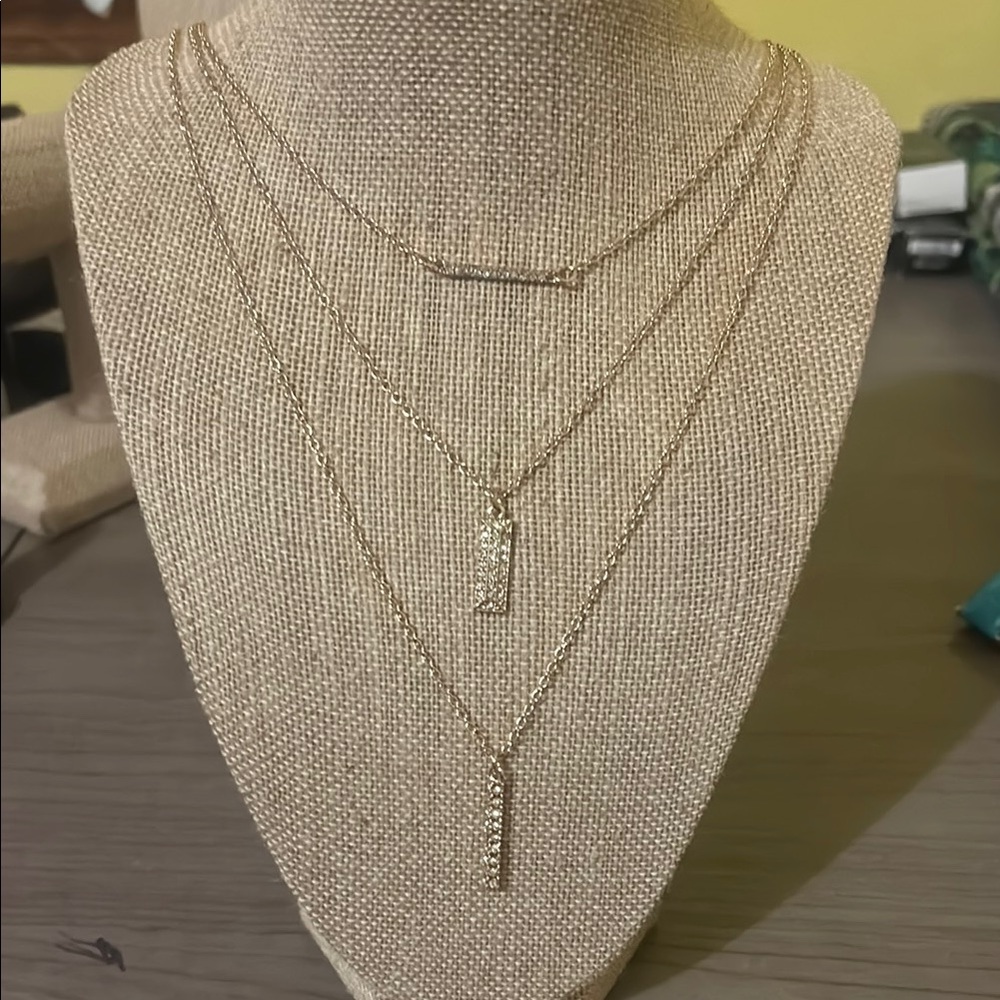 Avon layer pave bar necklace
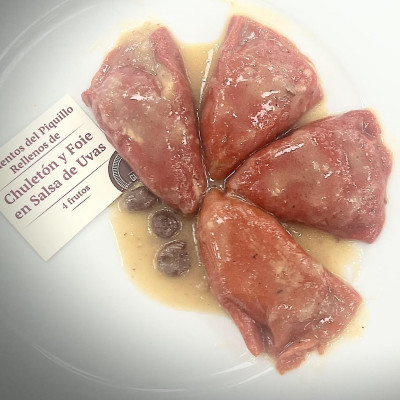 Comprar PIMIENTOS RELLENOS DE CHULETÓN Y FOIE en SALSA DE UVAS al mejor precio en Pepe Chuletón.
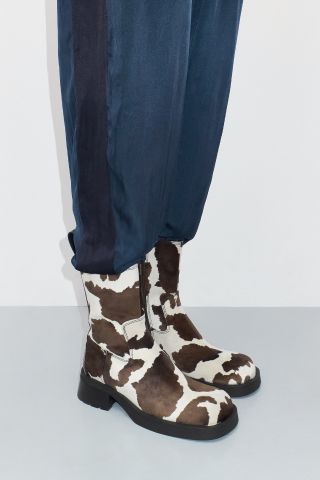 Yolanda Cow Ankle Boots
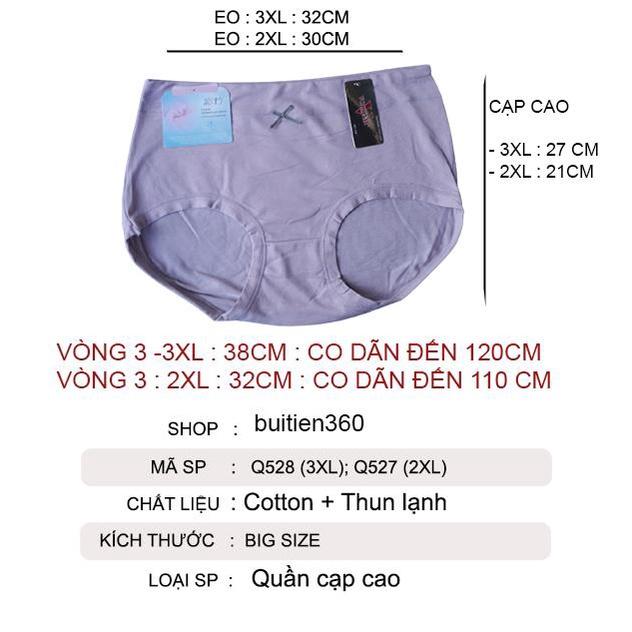 Quần lót nữ cạp cao muối tiêu 528 chất đẹp big size 3XL co dãn cực tốt from to cho người béo mập 60kg-70kg 80kg -90kg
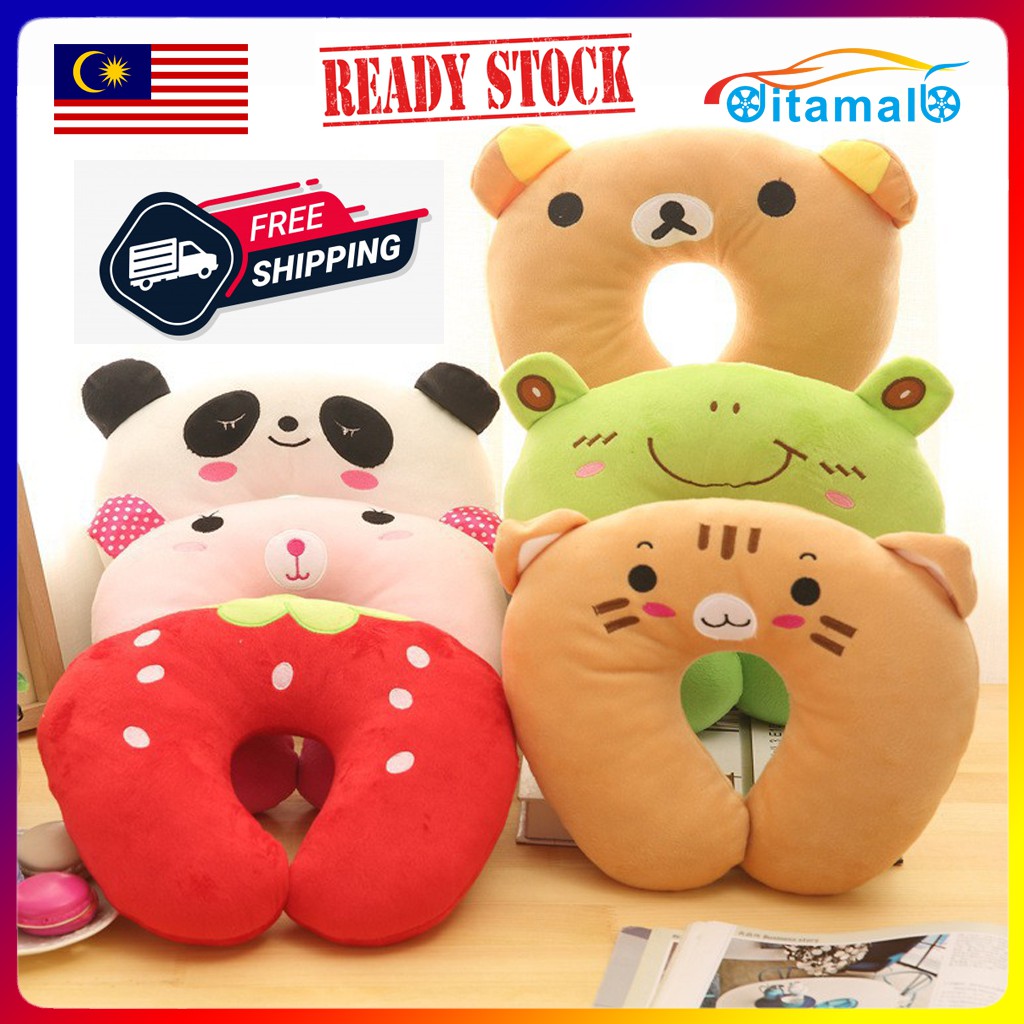 【READY STOCK】U pillow Traveling neck pillow Car pillow Cartoon Cat /Rilakkuma /Panda/Bear/Frog/Brown Tiger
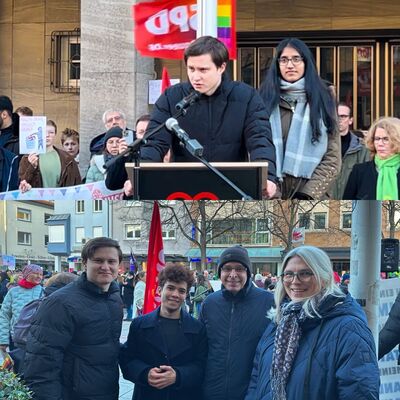 Oben: Mika Demant und Wurda Arshad, Unten: v.l.n.r.: Mika Demant, Jason Baumgärtner, Martin Gern, Yvonne Lauer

....

Extract the run of lines from the line holding "Quần lót nữ" through the final line of the material above, exactly and inclusively. Leave the pictures behind.

Result of this task >>
 Quần lót nữ cạp cao muối tiêu 528 chất đẹp big size 3XL co dãn cực tốt from to cho người béo mập 60kg-70kg 80kg -90kg
 【READY STOCK】U pillow Traveling neck pillow Car pillow Cartoon Cat /Rilakkuma /Panda/Bear/Frog/Brown Tiger
 Oben: Mika Demant und Wurda Arshad, Unten: v.l.n.r.: Mika Demant, Jason Baumgärtner, Martin Gern, Yvonne Lauer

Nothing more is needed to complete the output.